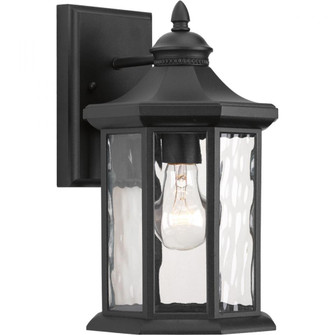 Edition Collection One-Light Medium Wall Lantern (149|P6071-31)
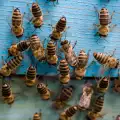 Как да се справим с агресивни пчели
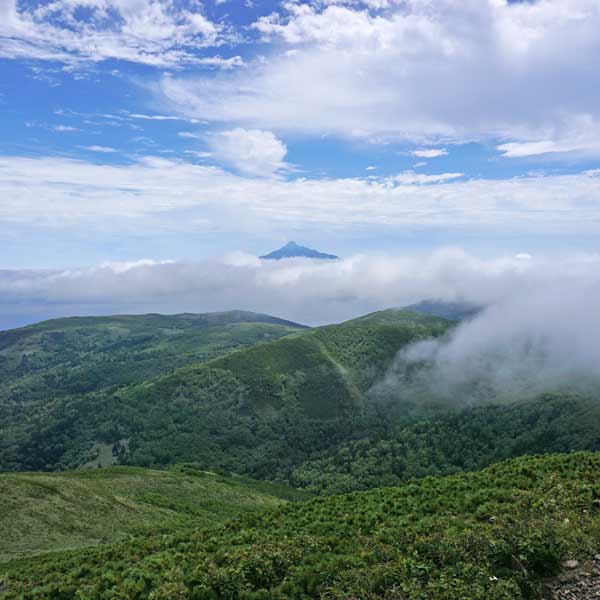 礼文島 礼文岳コース 礼文岳山頂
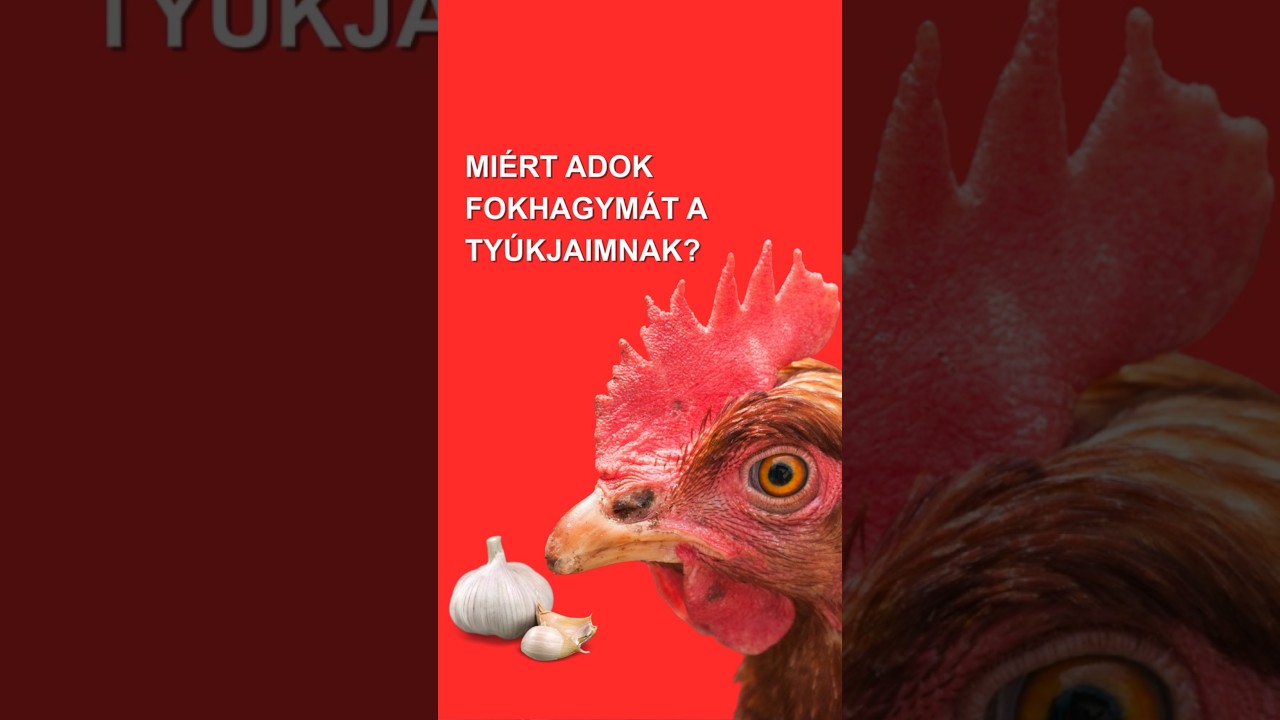 Mit eszik Gina tyúkállománya? 6/15 Teljes etetési rutin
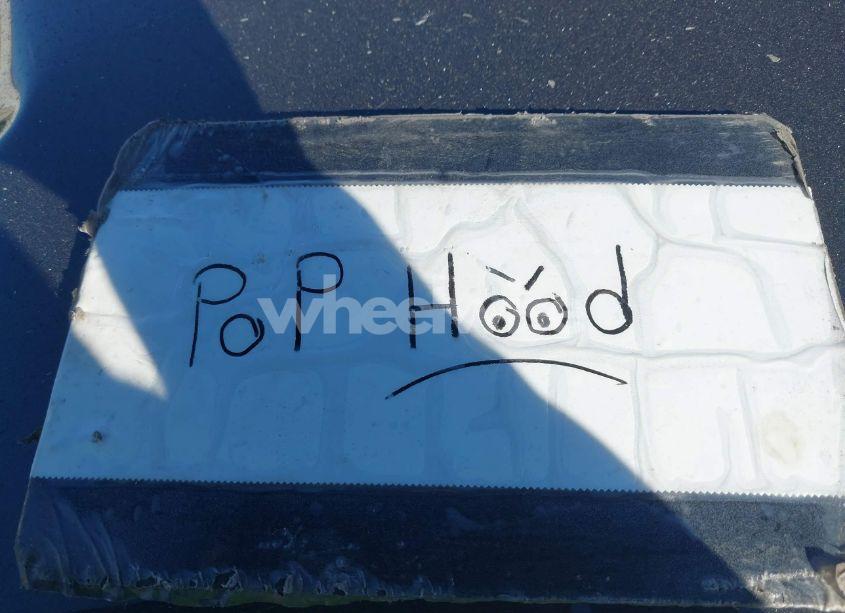 Photo 10 of 2021 Kia Telluride EX (VIN 5XYP34HC9MG156033)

**What the task requires:** Your copy should be the entries retyped exactly, with no images in it.

**Written response:**
 Edition Collection One-Light Medium Wall Lantern (149|P6071-31)
 Как да се справим с агресивни пчели
 礼文島 礼文岳コース 礼文岳山頂
 Mit eszik Gina tyúkállománya? 6/15 Teljes etetési rutin
 Photo 10 of 2021 Kia Telluride EX (VIN 5XYP34HC9MG156033)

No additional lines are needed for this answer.